TASK REQUIREMENTS: Ignoring every picture, transcribe the data in full as it stands.

COLLECTED MATERIAL:

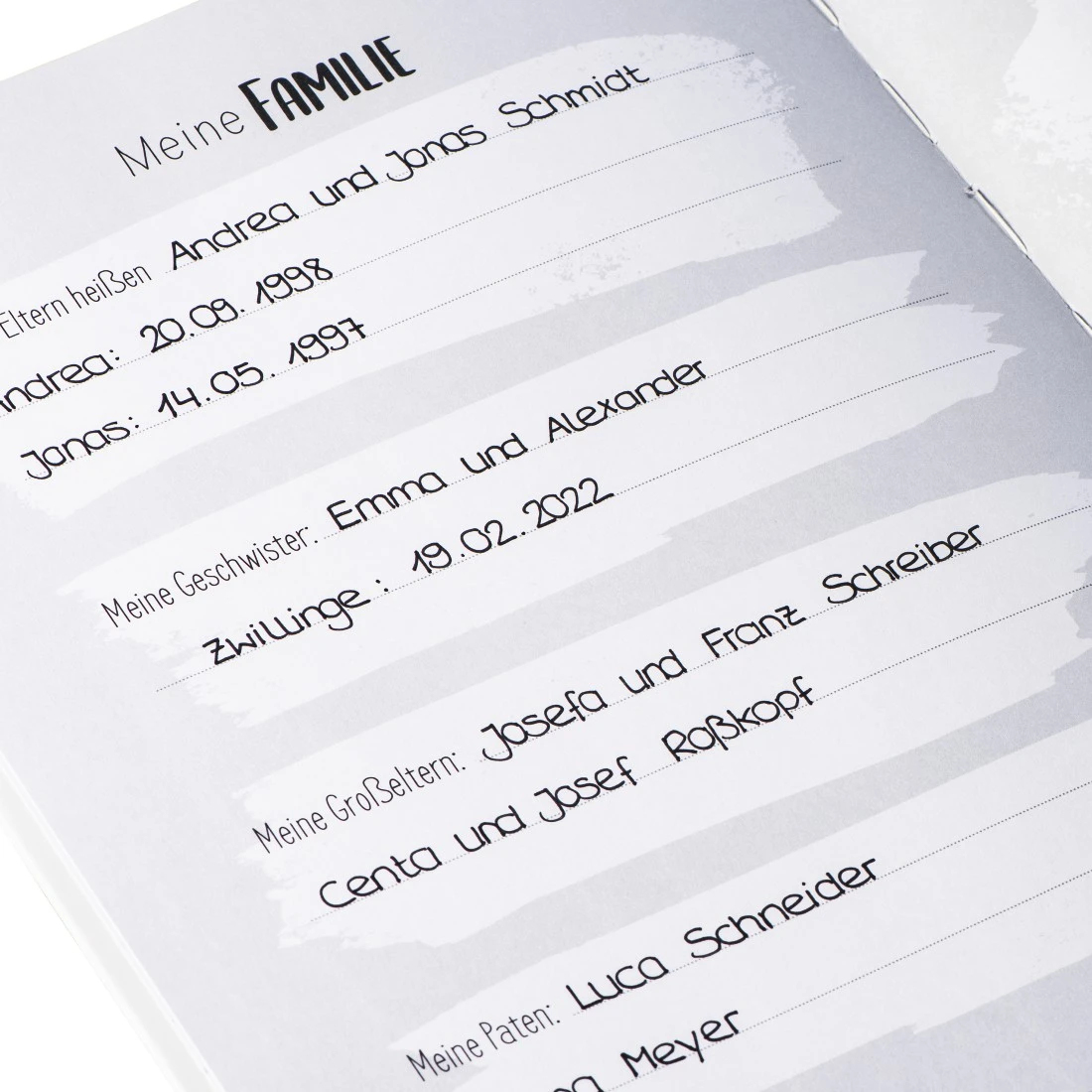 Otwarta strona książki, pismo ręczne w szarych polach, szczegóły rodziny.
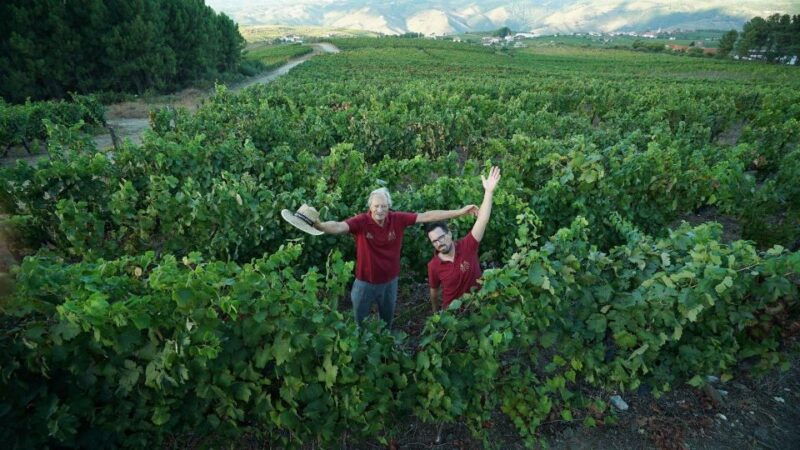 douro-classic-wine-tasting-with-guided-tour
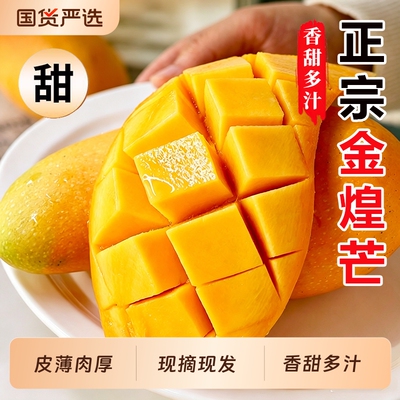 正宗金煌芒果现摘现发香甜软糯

RESULT:
 Otwarta strona książki, pismo ręczne w szarych polach, szczegóły rodziny.
 douro-classic-wine-tasting-with-guided-tour
 正宗金煌芒果现摘现发香甜软糯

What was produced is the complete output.